These drones fly in the speed range of First World War biplanes and lack the versatility of more classic counter-insurgency aircraft like Pucara and Bronco.

The advantage of a Predator/Reaper is that no crew is in danger and the ability to patrol over an area for a whole day. The support personnel (including "pilots") sits back in CONUS, that reduces the logistical footprint in the theater, too.

This endurance is a good thing if you're willing to throw around resources to solve a problem. Permanent surveillance and on-station patrols are much more resource-intensive than an aerial escort for convoys and raids, for example.

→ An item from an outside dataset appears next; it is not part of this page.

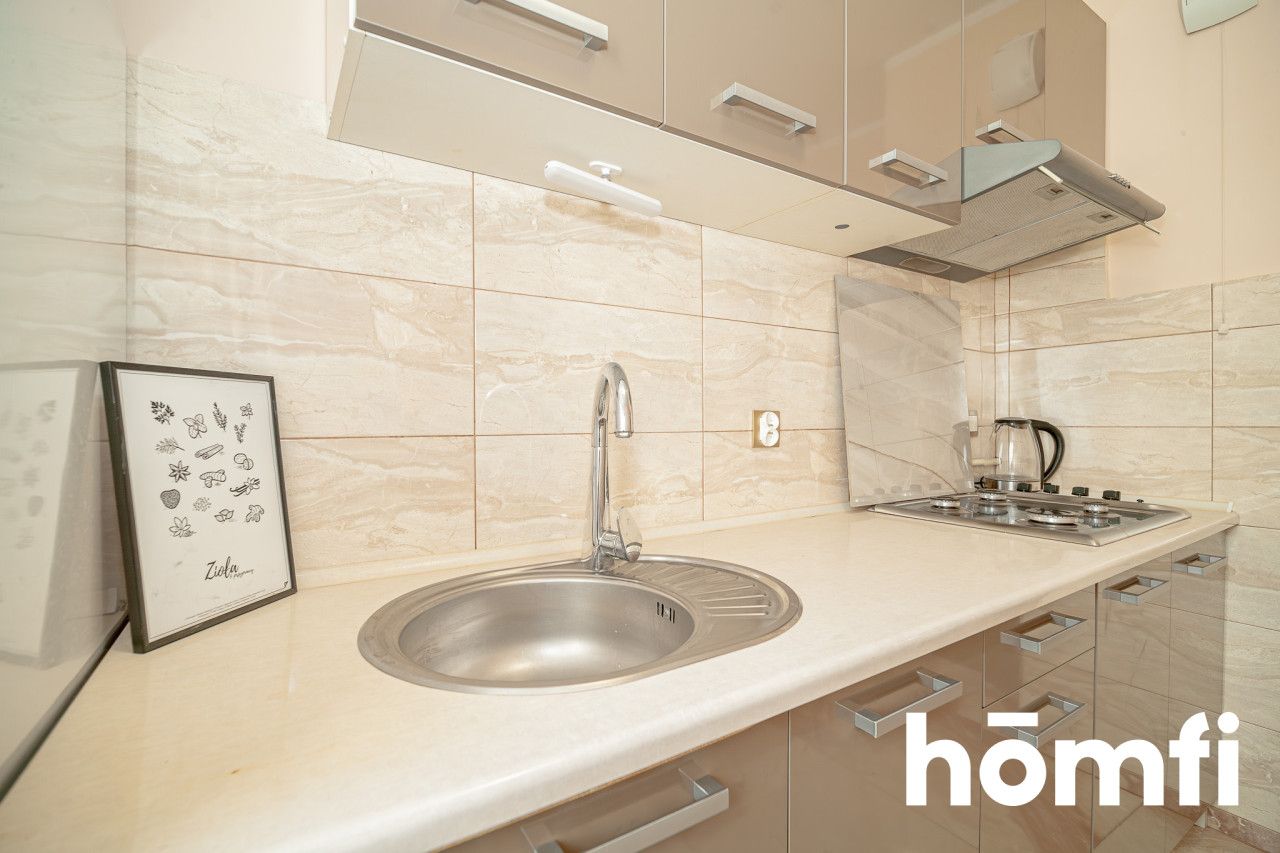 Cozy studio apartment with a balcony – near Promenada - Apartment - Rent - Warszawa, Praga-Południe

I don't have as good info about this as I'd like to, but it seems to me as if the usual duration of combat in Iraq and Afghanistan is also too short for quick reaction aircraft of the old kind - a super-slow drone in position is better than a powerful gunship that needs ten or more minutes to arrive if the action was unpredictable and lasts only for few minutes.

Gunships like the AC-130 were the other kind of typical COIN aircraft, focused much more on fire support than on observation and forward air controlling as a Bronco.

Maybe gunships are too slow? Maybe they aren't enduring enough - or require too many resources if used for 24/7 coverage like Predators/Reapers?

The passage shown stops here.